Department of

Civil and Environmental Engineering



Kavanagh Lecture - Abstract

April 2, 2009

Local Sediment Scour at Bridge Foundations


D. Max Sheppard
President, Ocean Engineering Associates, Inc.
Professor Emeritus of Civil and Coastal Engineering,
University of Florida


Bridges over water bodies have been an integral part of societies’ infrastructure over recorded history. Today, bridges are not only essential elements of roadway systems but also architectural sculptures that grace the landscape in many parts of the world.

Most bridges over water have piers that are either located in water or are subjected to flowing water during storm events. If the sediment in which the piers are founded is erodible then there is the potential for a lowering of the bed during the life of the bridge. It is essential that accurate estimates of the maximum potential bed lowering during the expected life of the structure be established and used in the design of the foundation.

The amount of bed lowering is needed for 1) the design of new bridges and 2) assessing the integrity of existing bridges. Under prediction can result in vulnerable existing bridges not receiving needed scour protection and insufficient pile penetration for new bridges.

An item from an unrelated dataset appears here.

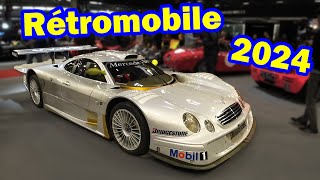 RETROMOBILE 2024  Une édition Vraiment Exceptionnelle [upl. by Bryn770]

In both cases there is the potential for failure or even loss of life during a design flow event. Over prediction can result in unnecessary scour protection or over design, both of which can waste millions of tax payer dollars.

Even though engineers have been aware of sediment scour for many years, it was not until the middle of the twentieth century that concerted efforts were made to quantify scour depths as a function of flow, sediment, and structure conditions.